A HAUL of Roman coins found near to Whitchurch has been declared treasure at an inquest.

John Ellery, HM Senior Coroner for Shropshire, held two treasure inquests on August 7 investigating the circumstances of two recently reported finds from north Shropshire.

One find was 37 Roman coins, known as the 'Hollyhurst Haul', owning to its discovery location in Hollyhurst, while the other was a decorative medieval silver brooch that was discovered on ploughed land in Whittington, near Oswestry.

The Roman coin hoard was reported to the finds liaison officer for Liverpool, Manchester and Cheshire, Ben Jones and was discovered as a result of responsible metal detecting by an experienced amateur detectorist.

The hoard consists of small denomination brass or copper alloy coins known as dupondii and asses.

The small hoard was deposited during the reign of the Emperor Trajan (AD 98-117) after AD 111.

All the coins represent normal everyday coinage in circulation during the late first and early second centuries being dominated by issues struck under the emperor Domitian (AD 81-96) and Vespasian (AD 69-79).

Peter Reavill, finds liaison officer for the British Museum’s Portable Antiquities Scheme, said: "The face value of this hoard is low and it represents everyday spending money that Shropshire’s resident Romans would have had in their pockets.

"As such it is a very ordinary treasure but one that we can all relate to – the odds and ends of small change saved and cherished to be spent in times of need or on a rainy day.

"In terms of spending value a Roman legionary soldier was paid 300 denarii a year, or around 4,800 asses, so these coins represent no more than two to three days legionary pay.

"Looking at it a different way a loaf of bread would have cost two Asses and for the same price you could have bought a litre of wine.

"So in many ways these coins wouldn’t get you very far, but that is what makes them a treasure and this is why Shropshire Museums’ wish to acquire them – because they represent the normal everyday Shropshire past rather than the monies of the elite."

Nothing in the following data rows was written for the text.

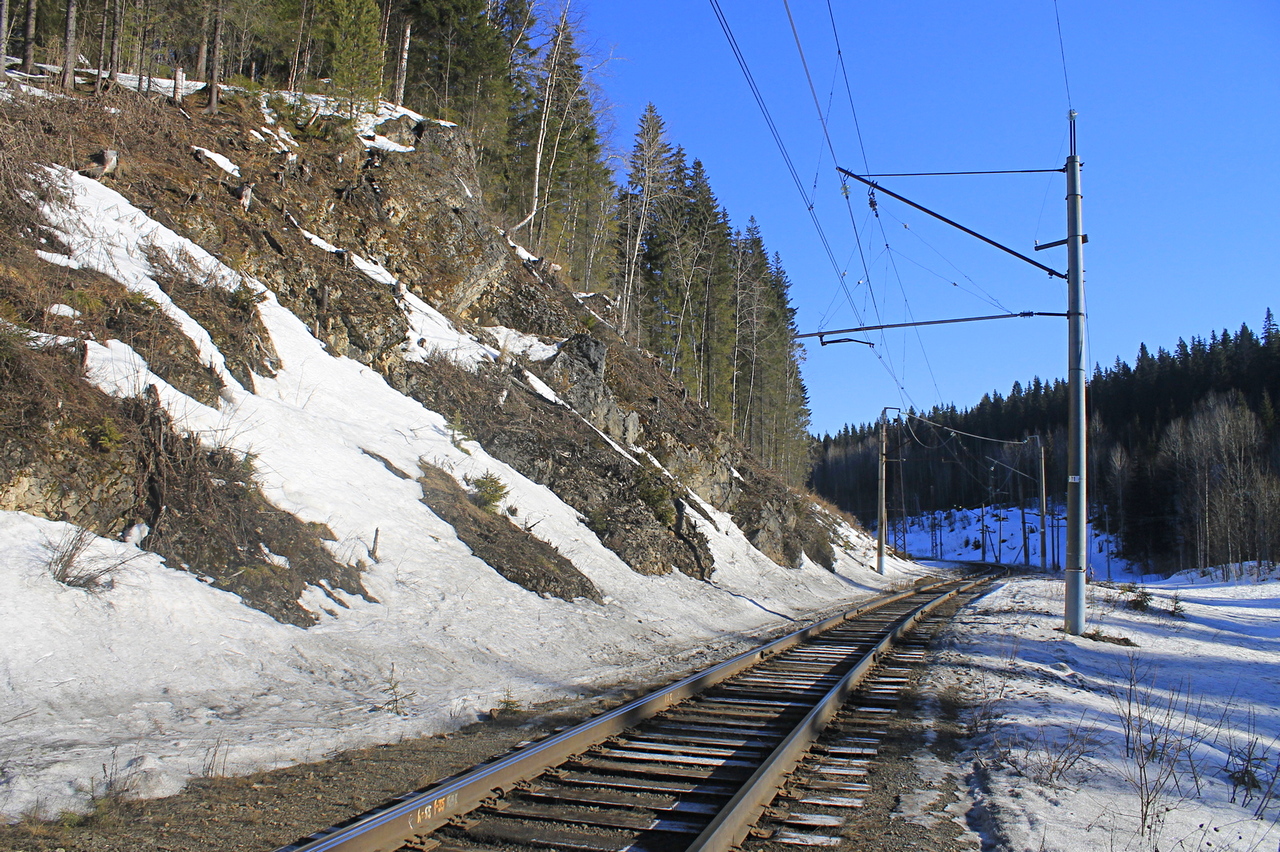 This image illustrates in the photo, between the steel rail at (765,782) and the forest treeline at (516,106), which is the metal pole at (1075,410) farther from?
the forest treeline at (516,106)

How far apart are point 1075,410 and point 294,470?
14049 millimetres

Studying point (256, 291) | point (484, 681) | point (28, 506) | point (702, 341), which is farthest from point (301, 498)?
point (702, 341)

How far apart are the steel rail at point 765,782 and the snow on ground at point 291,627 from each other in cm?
302

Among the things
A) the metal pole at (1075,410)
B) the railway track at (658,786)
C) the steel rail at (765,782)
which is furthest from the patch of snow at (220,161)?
the metal pole at (1075,410)

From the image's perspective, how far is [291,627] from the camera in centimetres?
862

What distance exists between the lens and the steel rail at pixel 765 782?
13.2 feet

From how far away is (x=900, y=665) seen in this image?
1084cm

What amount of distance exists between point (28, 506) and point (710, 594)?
13472 millimetres

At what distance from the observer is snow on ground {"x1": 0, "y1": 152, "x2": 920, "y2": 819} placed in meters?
5.88

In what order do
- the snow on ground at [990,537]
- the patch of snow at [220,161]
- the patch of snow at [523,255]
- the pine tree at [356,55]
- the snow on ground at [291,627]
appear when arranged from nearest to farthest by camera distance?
the snow on ground at [291,627]
the patch of snow at [220,161]
the pine tree at [356,55]
the patch of snow at [523,255]
the snow on ground at [990,537]

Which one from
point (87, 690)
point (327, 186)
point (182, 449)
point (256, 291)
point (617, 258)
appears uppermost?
point (617, 258)

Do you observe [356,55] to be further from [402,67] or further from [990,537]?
[990,537]

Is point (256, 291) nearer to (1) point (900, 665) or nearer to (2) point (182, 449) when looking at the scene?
(2) point (182, 449)

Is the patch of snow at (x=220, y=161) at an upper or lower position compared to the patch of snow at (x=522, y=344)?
upper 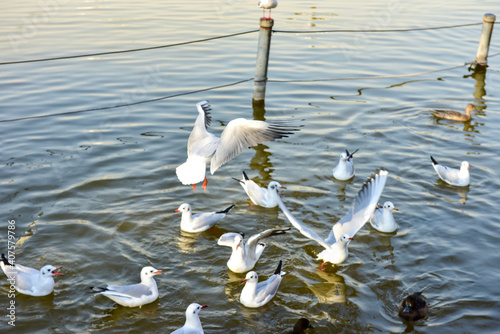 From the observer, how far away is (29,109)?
12.5 meters

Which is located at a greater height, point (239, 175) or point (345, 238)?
point (345, 238)

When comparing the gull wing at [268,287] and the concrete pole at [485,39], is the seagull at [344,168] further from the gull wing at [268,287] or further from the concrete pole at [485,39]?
the concrete pole at [485,39]

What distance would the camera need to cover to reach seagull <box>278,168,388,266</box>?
7.23 meters

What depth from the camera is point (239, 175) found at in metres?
10.1

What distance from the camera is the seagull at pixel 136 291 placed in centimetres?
638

Shropshire Museums have expressed an interest in acquiring the find with the hope of displaying them in the Roman galleries at Shrewsbury Museum and Art Gallery.

Now both these finds have been declared treasure they will now be valued by the Department for Digital Culture, Media and Sport treasure valuation committee.

Once a market value is set Shropshire Museums will fund raise so that these artefacts can be saved for the people of the county, and the monies raised will then be given to the finders and landowners as a reward.